If there is no definitive answer within the heterogenous cores of a single ARM implementation, then how can it be compared to RISC-V?
For the same sized single-core chip (x mm squared), running at the same voltage and same clock speed, on the same manufacturing process node, is there a (significant) difference between ARM and Risk-V?
(I'm assuming that core size, voltages and frequencies are the biggest differences between the big and LITTLE cores. And yes of course this is a funky theoretical question so a theoretical answer is perfectly fine :)
> For the same sized single-core chip (x mm squared), running at the same voltage and same clock speed, on the same manufacturing process node, is there a (significant) difference between ARM and Risk-V?
Very many. And they are at the CPU implementation level.
The instruction decoding buffer depth, the register file size, the implementation of the out of order execution, the TLB depth, the data bus width, separate hardware assist engines etc are amongst many other conscious and decisive design decisions that can differentiate separate designs. Even at the same (citing verbatim) «voltage and same clock speed, on the same manufacturing process node» the performance can vary wildy.
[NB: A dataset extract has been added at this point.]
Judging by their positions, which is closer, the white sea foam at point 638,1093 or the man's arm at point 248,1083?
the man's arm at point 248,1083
The M1 CPU family is a very wide implementation in nearly every aspect, with a very large L1 cache (both, I and D, caches), reasonably large L2 cache, a (reportedly) 380 register wide register file, 512-bit wide data bus (in the M1 Max) plus extras, hence why it outperforms competing ARM64 designs running at similar voltages and frequencies. The same is true for POWER CPU's (i.e. compare POWER9 vs POWER10 designs) – POWER10 is 2.6x faster than POWER9 despite running at similar frequencies – due to a substantial design overhaul.
Holistic system design matters, not the ISA alone.
The answer (for now) appears to be no. Also consider that ARM will not stand still.
"According to SiFive, it is working on the design of a new processor that will be 50% more powerful, and that it will be able to surpass the Cortex-A78 of ARM."
Which is the problem often with these sort of discussion. ARM of what ( You didn't state its version ) ? RISC-V of what? The ISA in itself? Or the actual implementation in itself. If it is implementation, which implementation? And by difference, what sort of difference, what kind of performance are you specifically looking at? Or you just want a GB5 result? ( One could argue there are compiler differences in GB5 results )
The only undisputed truth would be RISC-V at its bare minimum has smaller instruction than any ARM variation currently on the market. But then its competitor should have been something like Arc, and not ARM.